It was the sixth time in just a decade — and the first time since the country successfully exited its bailout programme in August 2018 — that Greeks went to the polls to elect a new government.

The contest, called on May 26 by Tsipras after his SYRIZA party's disastrous result in the European as well as local and regional elections, had largely been seen as a battle for the middle-class which was severely impacted by austerity measures following the country's near-bankruptcy and assistance from international creditors.

Prime Minister-elect Mitsotakis had focused his campaign on the economy and security.

Country swings to the right

With 39.84% of the vote (with 98% of ballots counted), New Democracy secured 158 of the 300-seat parliament — an absolute majority.

In his victory speech delivered at 2100 CET (2200 local time), Mitsotakis thanked the electorate for the "strong mandate" which he said would help him "change Greece".
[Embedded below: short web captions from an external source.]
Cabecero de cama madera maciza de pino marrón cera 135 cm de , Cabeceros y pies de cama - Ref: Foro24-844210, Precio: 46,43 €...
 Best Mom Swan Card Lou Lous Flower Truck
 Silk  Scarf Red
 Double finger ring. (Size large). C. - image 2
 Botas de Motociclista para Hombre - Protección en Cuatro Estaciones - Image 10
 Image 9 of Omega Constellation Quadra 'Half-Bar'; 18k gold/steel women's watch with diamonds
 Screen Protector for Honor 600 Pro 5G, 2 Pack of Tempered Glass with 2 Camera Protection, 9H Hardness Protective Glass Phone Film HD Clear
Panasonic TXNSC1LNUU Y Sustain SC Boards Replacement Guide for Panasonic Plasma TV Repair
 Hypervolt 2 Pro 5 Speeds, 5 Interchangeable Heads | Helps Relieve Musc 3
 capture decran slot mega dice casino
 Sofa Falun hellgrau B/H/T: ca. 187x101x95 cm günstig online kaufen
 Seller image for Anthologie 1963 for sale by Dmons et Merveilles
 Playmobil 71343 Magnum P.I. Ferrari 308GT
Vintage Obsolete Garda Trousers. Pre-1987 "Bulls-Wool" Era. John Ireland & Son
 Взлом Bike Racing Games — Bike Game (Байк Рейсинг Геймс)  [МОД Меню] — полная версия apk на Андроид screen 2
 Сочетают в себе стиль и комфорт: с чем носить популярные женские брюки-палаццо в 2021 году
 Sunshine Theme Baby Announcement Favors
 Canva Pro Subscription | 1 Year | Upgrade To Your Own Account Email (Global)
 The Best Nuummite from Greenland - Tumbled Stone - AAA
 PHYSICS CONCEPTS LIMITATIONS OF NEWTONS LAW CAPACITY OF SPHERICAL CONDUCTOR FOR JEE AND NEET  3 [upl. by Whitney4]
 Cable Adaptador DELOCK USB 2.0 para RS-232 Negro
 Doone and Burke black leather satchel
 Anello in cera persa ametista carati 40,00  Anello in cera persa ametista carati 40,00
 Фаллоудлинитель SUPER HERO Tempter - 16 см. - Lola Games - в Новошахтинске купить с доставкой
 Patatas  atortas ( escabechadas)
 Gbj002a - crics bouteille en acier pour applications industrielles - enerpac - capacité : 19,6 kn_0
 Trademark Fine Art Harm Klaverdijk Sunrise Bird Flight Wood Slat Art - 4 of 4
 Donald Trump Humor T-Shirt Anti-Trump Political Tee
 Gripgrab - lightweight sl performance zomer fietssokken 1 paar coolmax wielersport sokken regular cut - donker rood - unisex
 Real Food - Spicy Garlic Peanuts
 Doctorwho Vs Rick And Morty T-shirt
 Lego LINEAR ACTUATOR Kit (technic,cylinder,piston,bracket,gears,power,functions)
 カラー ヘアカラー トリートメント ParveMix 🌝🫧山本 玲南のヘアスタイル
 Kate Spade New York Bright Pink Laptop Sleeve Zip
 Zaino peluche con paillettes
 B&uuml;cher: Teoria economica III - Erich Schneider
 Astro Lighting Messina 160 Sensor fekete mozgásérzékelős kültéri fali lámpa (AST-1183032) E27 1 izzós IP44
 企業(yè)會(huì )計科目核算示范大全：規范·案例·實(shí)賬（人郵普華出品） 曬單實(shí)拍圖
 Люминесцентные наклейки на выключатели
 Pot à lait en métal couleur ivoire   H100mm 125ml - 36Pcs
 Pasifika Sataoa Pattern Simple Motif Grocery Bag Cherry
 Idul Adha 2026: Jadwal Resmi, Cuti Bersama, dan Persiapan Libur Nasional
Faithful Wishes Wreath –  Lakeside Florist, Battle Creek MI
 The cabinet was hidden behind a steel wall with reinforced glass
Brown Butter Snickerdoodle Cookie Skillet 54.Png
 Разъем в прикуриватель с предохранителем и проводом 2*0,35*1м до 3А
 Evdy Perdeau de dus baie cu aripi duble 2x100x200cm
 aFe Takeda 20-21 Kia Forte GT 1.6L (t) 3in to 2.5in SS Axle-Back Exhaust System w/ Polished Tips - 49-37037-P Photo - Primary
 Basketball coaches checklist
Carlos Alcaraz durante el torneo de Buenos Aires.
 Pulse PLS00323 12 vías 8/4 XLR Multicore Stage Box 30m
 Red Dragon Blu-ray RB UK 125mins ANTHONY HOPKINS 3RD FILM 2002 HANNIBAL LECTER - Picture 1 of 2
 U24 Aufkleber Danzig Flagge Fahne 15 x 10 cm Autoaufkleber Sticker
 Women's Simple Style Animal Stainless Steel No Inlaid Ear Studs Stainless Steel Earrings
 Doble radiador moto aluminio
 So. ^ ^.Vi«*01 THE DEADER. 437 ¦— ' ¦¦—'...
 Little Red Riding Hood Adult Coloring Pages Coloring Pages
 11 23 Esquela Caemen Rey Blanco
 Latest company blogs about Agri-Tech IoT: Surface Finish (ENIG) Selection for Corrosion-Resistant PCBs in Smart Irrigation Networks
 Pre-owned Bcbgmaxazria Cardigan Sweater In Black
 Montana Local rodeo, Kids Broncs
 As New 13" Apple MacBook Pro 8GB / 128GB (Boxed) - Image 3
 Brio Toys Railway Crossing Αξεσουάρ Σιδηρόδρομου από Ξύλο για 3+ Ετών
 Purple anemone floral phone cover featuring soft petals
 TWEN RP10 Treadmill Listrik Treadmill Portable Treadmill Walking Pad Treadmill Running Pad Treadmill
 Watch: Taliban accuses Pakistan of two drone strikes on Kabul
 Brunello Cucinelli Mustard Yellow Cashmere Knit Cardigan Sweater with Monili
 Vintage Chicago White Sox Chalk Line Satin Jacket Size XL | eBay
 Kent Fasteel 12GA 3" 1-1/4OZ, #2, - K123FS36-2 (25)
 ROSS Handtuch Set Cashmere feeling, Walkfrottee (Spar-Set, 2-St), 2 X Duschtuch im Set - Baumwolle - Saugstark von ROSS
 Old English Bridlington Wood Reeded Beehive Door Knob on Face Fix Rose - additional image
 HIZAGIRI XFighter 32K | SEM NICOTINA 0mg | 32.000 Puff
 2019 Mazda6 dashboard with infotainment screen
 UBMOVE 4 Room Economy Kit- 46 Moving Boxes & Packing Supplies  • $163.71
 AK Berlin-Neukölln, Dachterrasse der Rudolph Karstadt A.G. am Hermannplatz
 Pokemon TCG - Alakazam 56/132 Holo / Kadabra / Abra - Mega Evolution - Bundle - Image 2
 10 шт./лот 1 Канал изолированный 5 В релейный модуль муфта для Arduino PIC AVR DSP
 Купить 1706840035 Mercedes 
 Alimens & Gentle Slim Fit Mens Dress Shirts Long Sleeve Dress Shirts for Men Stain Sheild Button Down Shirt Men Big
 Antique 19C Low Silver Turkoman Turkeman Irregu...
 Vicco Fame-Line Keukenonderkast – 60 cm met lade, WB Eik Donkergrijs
He pledged to work hard to ensure every Greek citizen, particularly the young who were disproportionately impacted by the financial crisis and its aftermath, would be given the opportunity to "fulfil their potential."

He also reiterated that his government will reduce tax, increase wages, boost investment and employment and added that he will make Greece's voice stronger on the European stage.

He will be sworn in on Monday at 1200 CET. His cabinet should be announced later in the day and be sworn in on Tuesday.

REUTERS/Alkis Konstantinidis
New Democracy conservative party leader Kyriakos Mitsotakis speaks outside party's headquarters, after the general election in Athens, Greece, July 7, 2019.REUTERS/Alkis Konstantinidis

Tsipras to continue political fight in opposition

The electoral drumming which started on May 26 continued on Sunday for SYRIZA. The left-wing party finished second with 31.54% of the vote.

"Today, with our head held high we accept the people's verdict. To bring Greece to where it is today we had to take difficult decisions (with) a heavy political cost," Tsipras said during his concession speech.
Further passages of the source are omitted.